In passato, Cartabia compresa, la scena era sempre la stessa. Arrivava un nuovo ministro, annunciava riforme più o meno epocali, le correnti dei giudici ruggivano e la riforma finiva in niente o quasi. L'Anm di oggi ha ancora il potere di fermare Nordio?
«Tutto quello che è accaduto ha inciso in profondità nel tessuto connettivo della magistratura italiana. La magistratura non è più quella di dieci anni fa, non siamo più all'epoca delle corazzate antiberlusconiane. La politicizzazione della magistratura è vista come un male dalla grande parte della magistratura, anche se l'Anm cerca disperatamente di riproporre le stesse parole d'ordine di sempre. Ancora più incredibile è che a farlo sia l'attuale presidente dell'Associazione, che prima era il capo dell'ufficio legislativo del ministro di centrosinistra e che mischia i due ruoli in maniera clamorosa».
L'altro giorno all'assemblea di Area, la corrente dei giudici di sinistra, si sentivano cose da anni Settanta.

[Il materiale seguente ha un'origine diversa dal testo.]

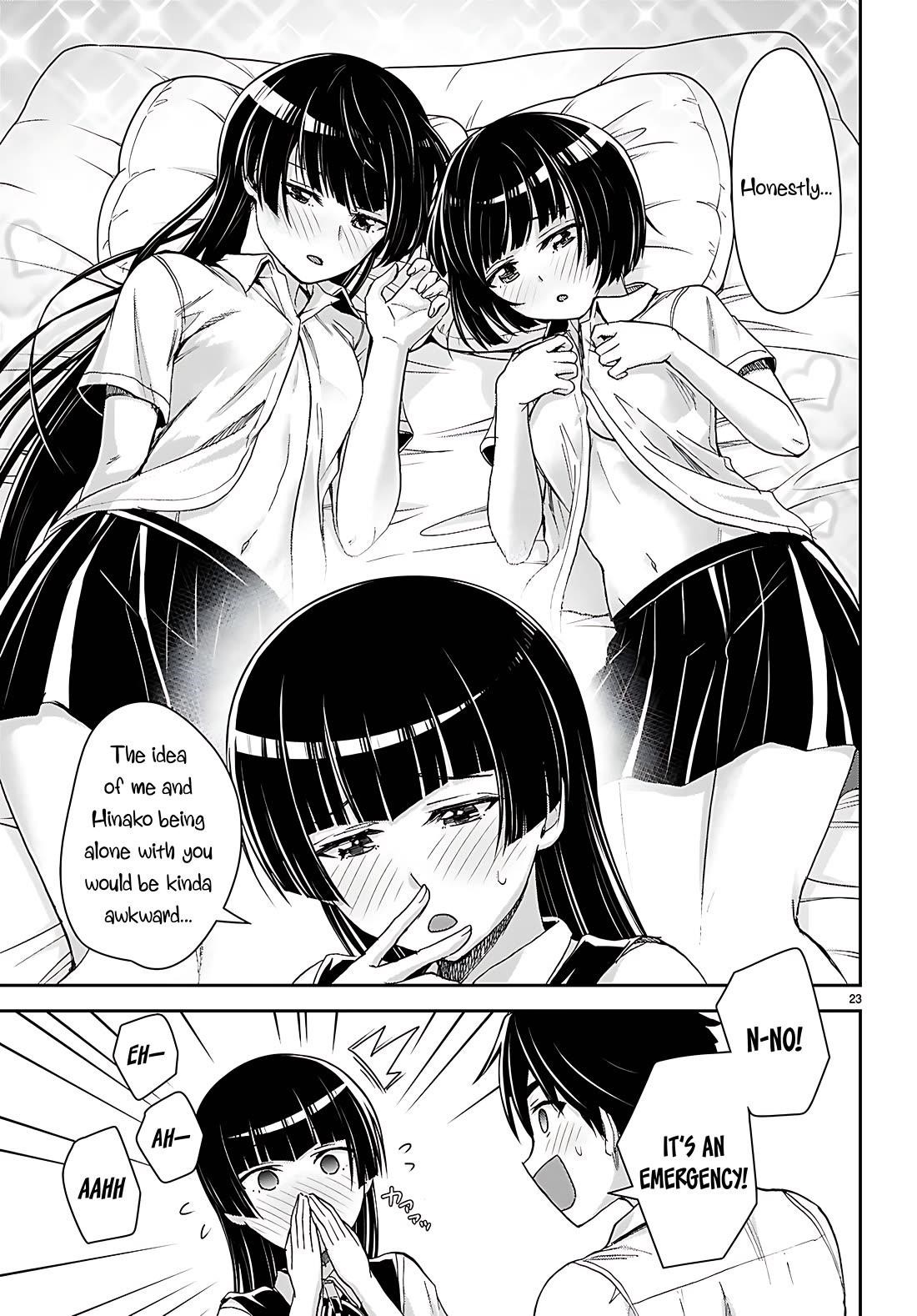 Isekai Yurutto Survival Seikatsu: Gakkou No Minna To Isekai No Mujintou Ni Tenishitakedo Ore Dake Rakushou Desu Chapter 40 - Page 23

Il governo di centrodestra è stato accusato di volere «un ridimensionamento del modello costituzionale di magistrato», di lavorare «all'idea di un pubblico mistero sempre più compresso e sacrificato».
«Ci sono pezzi della magistratura refrattari a qualunque maturazione, decisi a portare avanti fino alla fine l'idea che schierarsi politicamente sia un diritto e anzi un dovere. Sono tagliati fuori dalla realtà».

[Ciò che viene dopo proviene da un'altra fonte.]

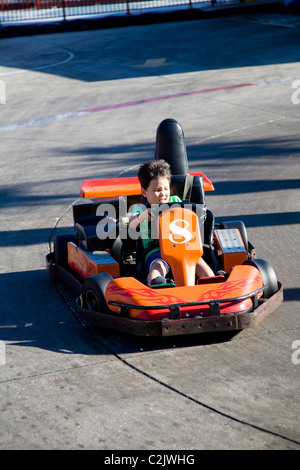 "Nitro Alley" bei Speedpark Motor Sports, Daytona Beach, FL Stockfoto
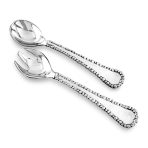ORGANIC PEARL Large Salad Servers - Image 2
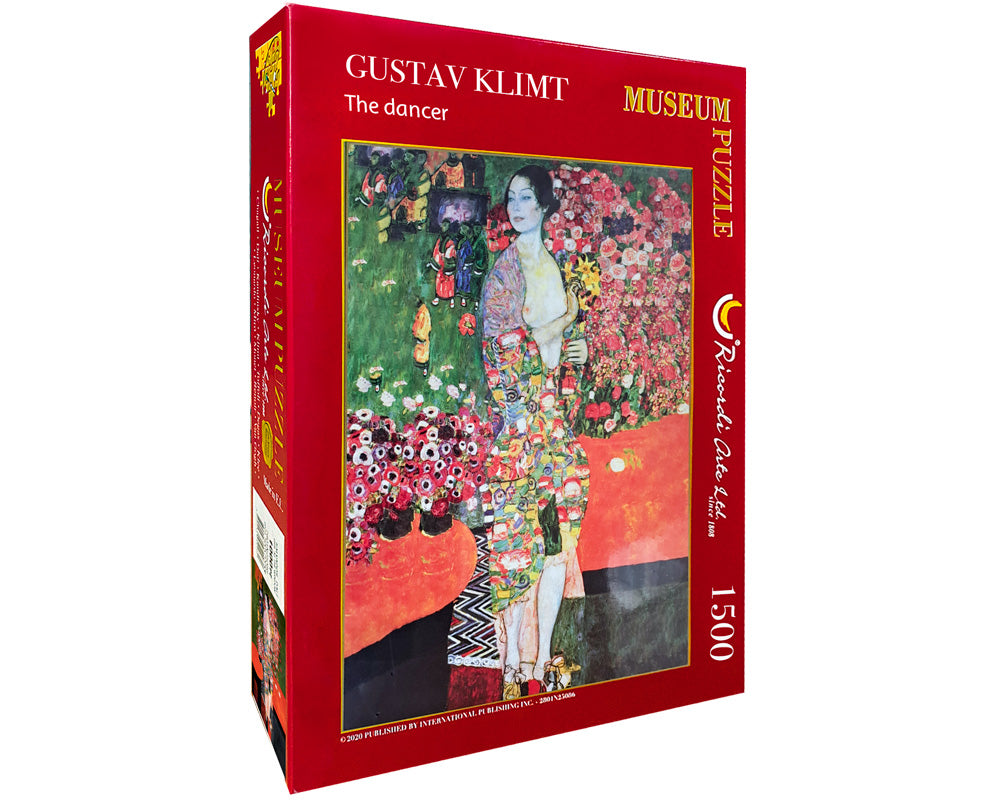 Gustav Kilmt - La Bailarina: Rompecabezas 1500 Piezas Ricordi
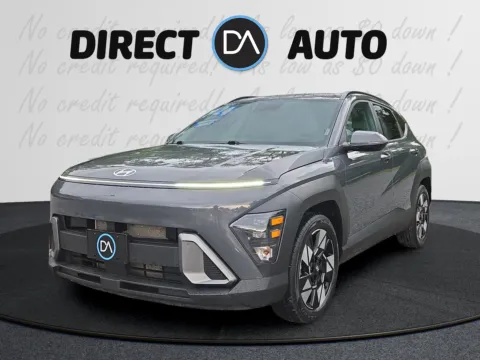 Gray 2024 Hyundai Kona SEL for sale in Biloxi, MS
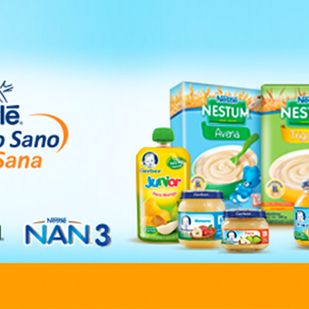 Productos Nestlé para bebe 
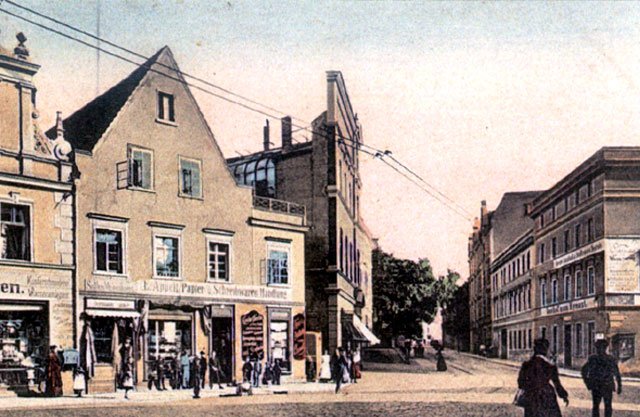 Warmbrunnerstrasse od 1945 roku – ulica Stalina. Miano Wolności zyskała dopiero w 1956 roku, po październikowej „odwilży”.
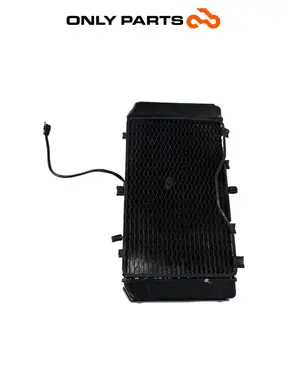 Radiatore acqua + ventola Kawasaki Z 750cc 2004 Nera usato — foto reale 4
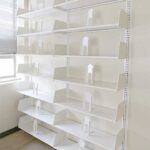 floating library shelves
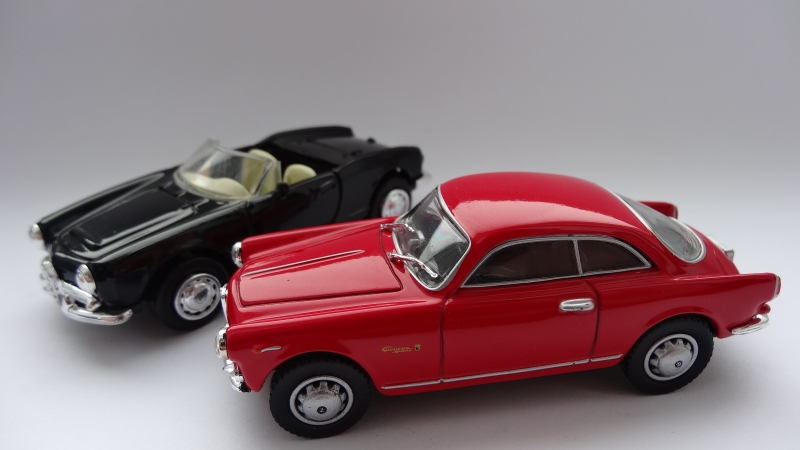 AR Giulietta Sprint 1959 i Giulietta Spider 1962 (2)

A mettere Nordio sotto tiro è stato soprattutto il suo annuncio di ridurre l'utilizzo delle intercettazioni. Così si aiutano i criminali, è stato detto. La leader di Area ha definito le intercettazioni «pacificamente indispensabili per le attività di indagine».
«Il problema delle intercettazioni si trascina da vent'anni, l'abuso che ne è stato fatto è perfettamente noto anche a tutti i pubblici ministeri e a tutti i giudici. Oggi si difendono a spada tratta le intercettazioni solo perché sono funzionali a un processo penale utile a interessi diversi da quelli della giustizia: utile ai giornali, utile alle forze politiche per eliminare l'avversario di turno. È un insulto all'intelligenza dei cittadini sostenere che limitare questi abusi vorrebbe dire indebolire la tenuta del processo penale. Nordio non ha nessuna intenzione di indebolire la lotta al crimine, e accusarlo di avere questa intenzione è una clamorosa bugia, una falsità indegna di qualunque magistrato perbene. Ed è grave che venga rilanciata in maniera acritica dai soliti organi di stampa».
Lei sembra convinto
che sia la volta buona perché la politica non subisca i diktat delle toghe organizzate.«Sì. È cambiato il clima, è cambiato l'atteggiamento dell'opinione pubblica. E fortunatamente sono cambiati anche i giudici».